**REQUIREMENT:** Everything in the records below from the line containing "deb0's tweet image." through the line containing "圖3 　使用普通功率母排時變壓器初級電壓、電流波形" is to be reproduced exactly, those two lines included; no picture is to be copied.

**MATERIAL PROVIDED:**
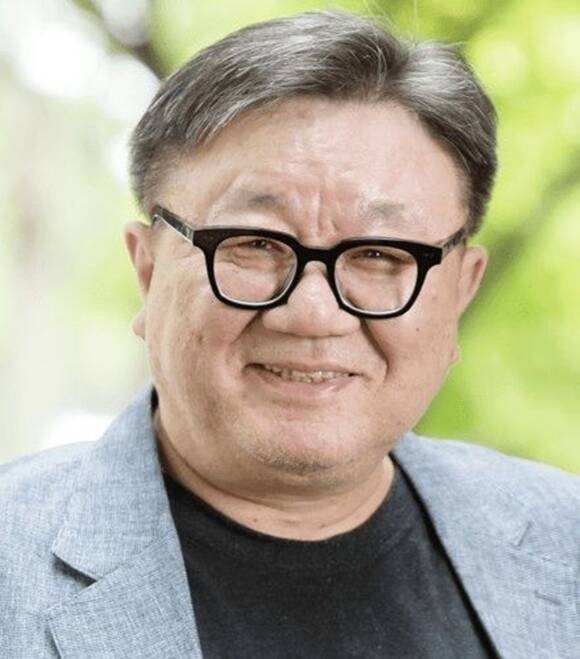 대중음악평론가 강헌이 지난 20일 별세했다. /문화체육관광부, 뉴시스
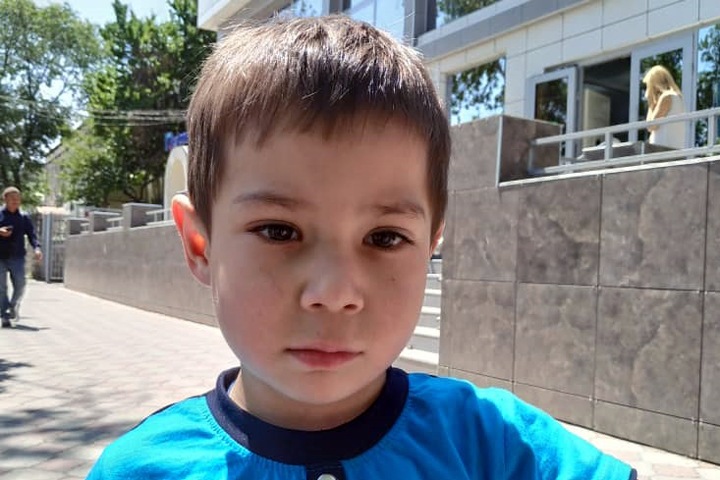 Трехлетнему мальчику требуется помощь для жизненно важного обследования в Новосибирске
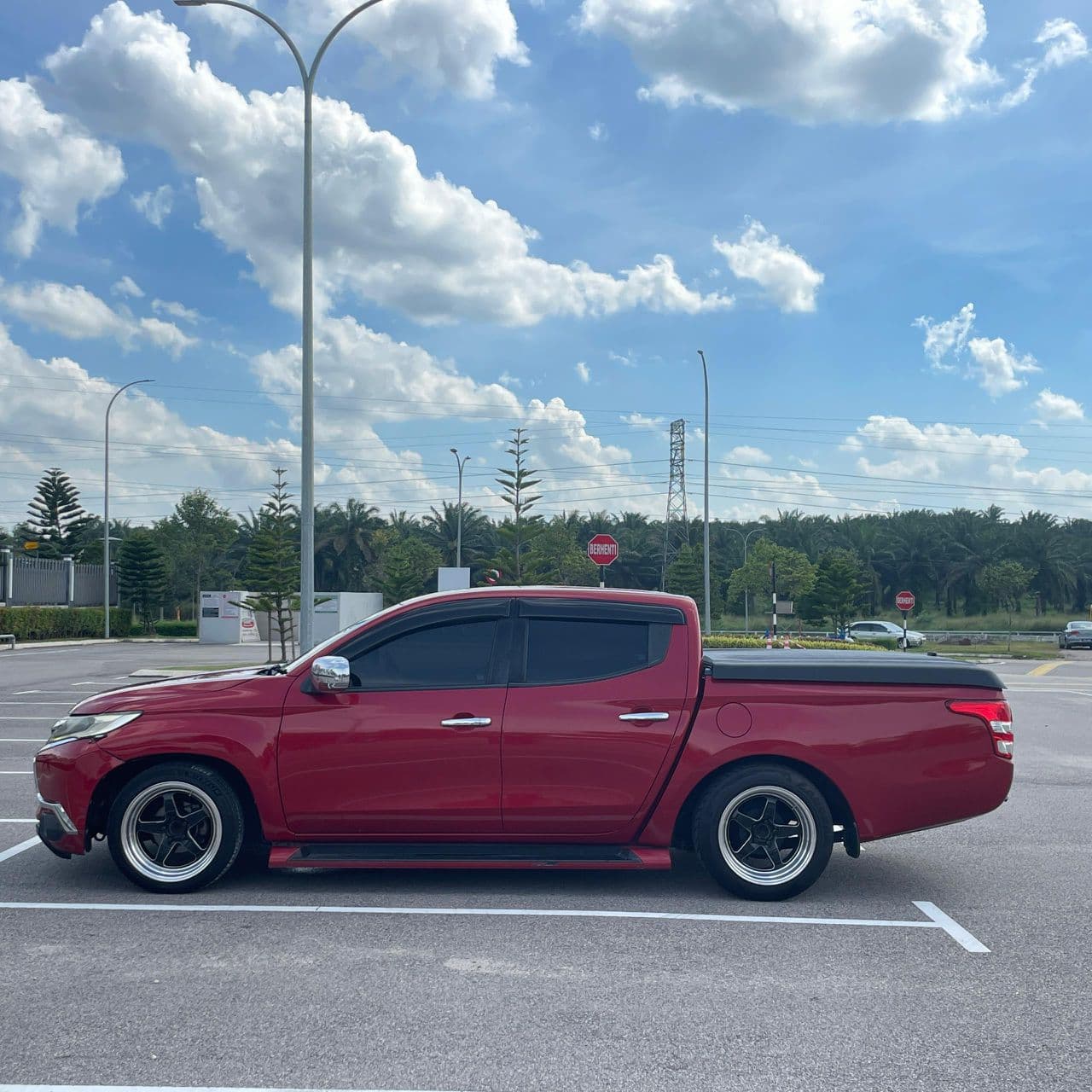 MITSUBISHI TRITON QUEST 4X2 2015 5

* * *

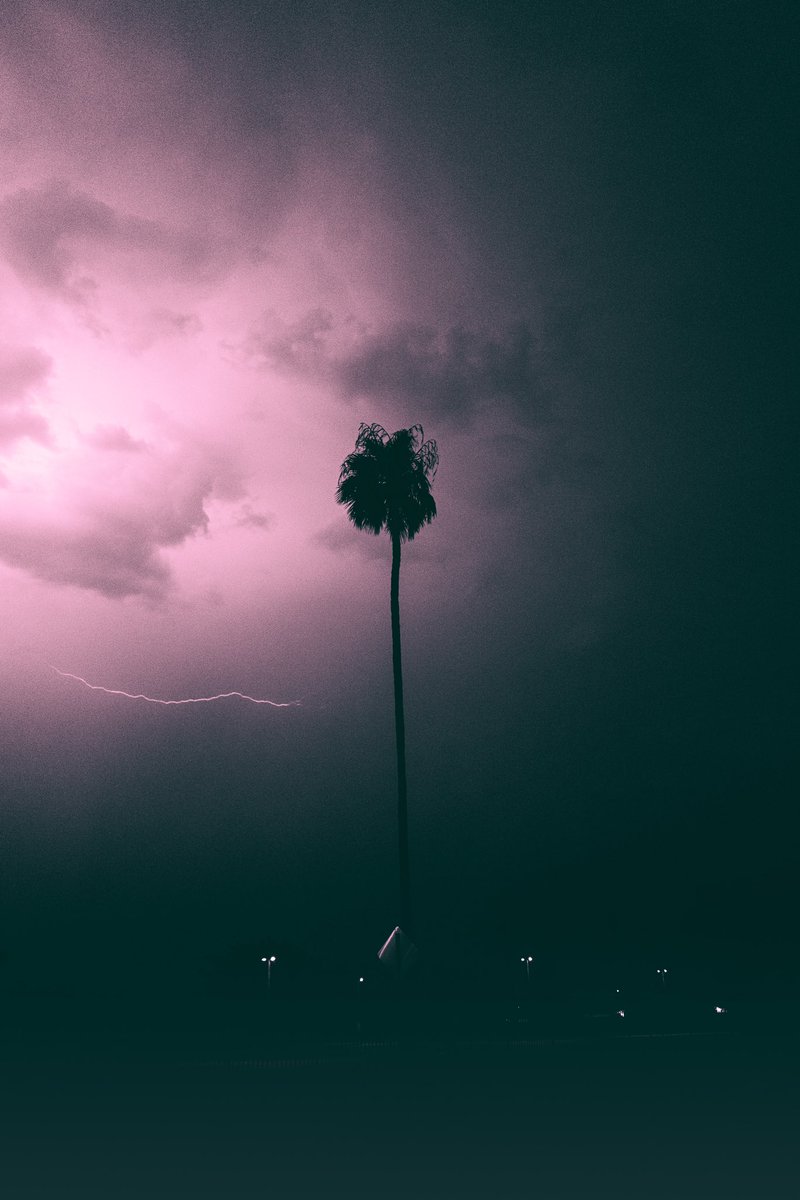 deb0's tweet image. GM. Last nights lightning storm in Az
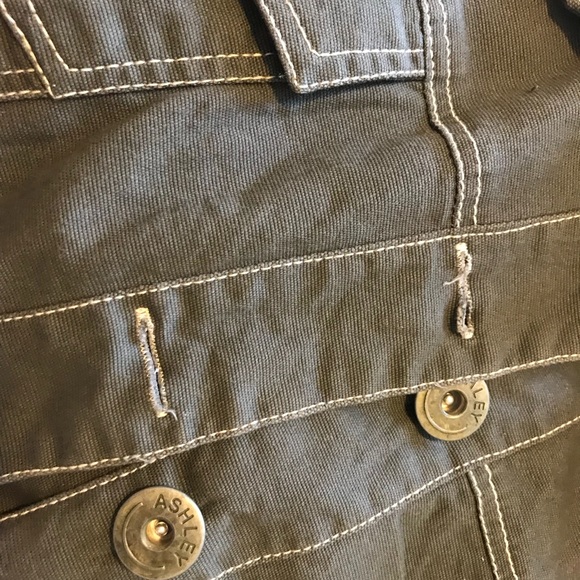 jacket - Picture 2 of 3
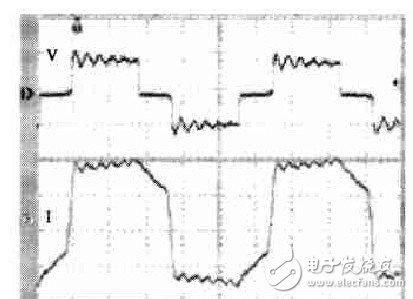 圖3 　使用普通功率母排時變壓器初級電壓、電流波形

---

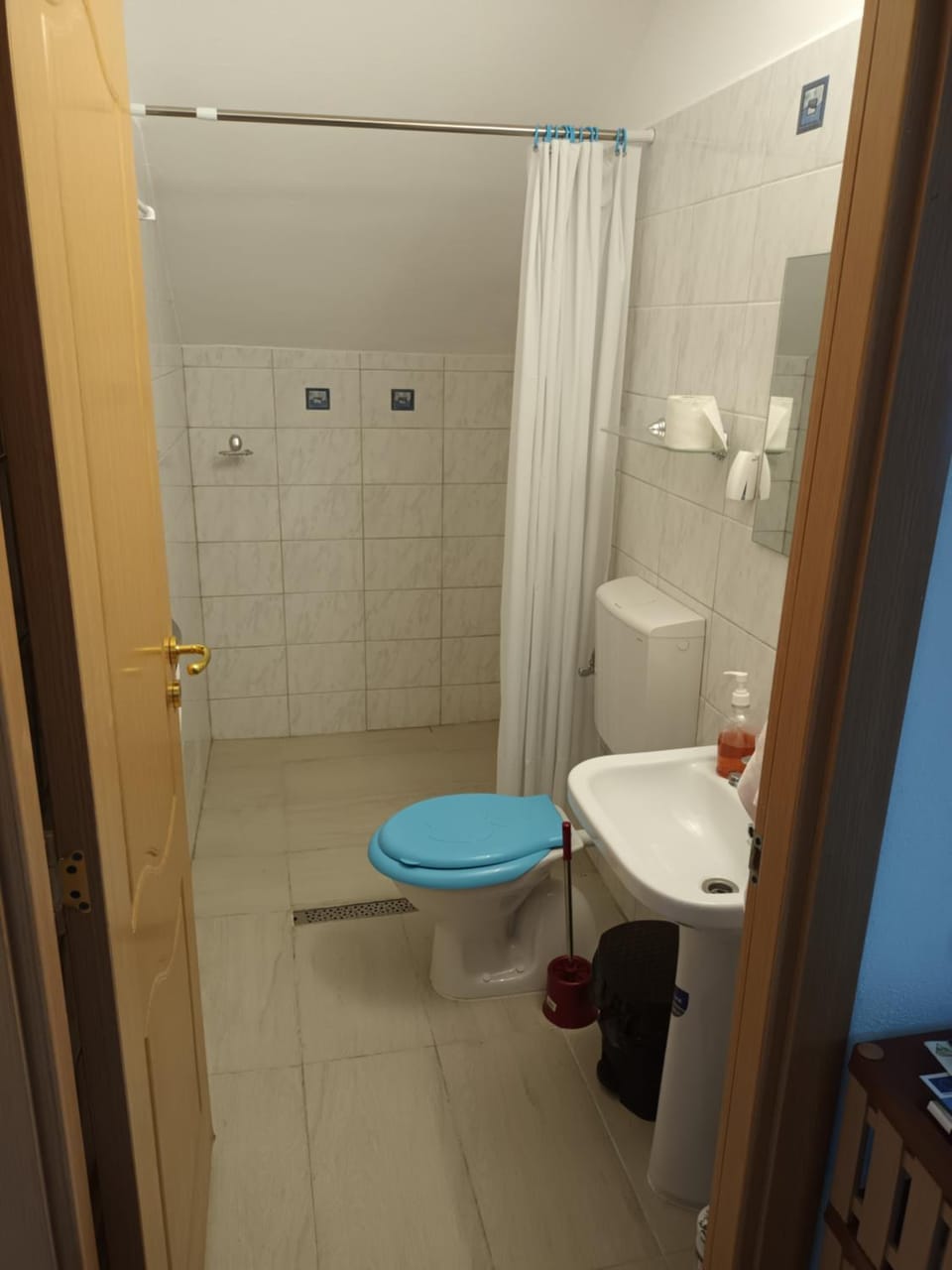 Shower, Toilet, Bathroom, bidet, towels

**TASK SOLUTION:**
 deb0's tweet image. GM. Last nights lightning storm in Az
 jacket - Picture 2 of 3
 圖3 　使用普通功率母排時變壓器初級電壓、電流波形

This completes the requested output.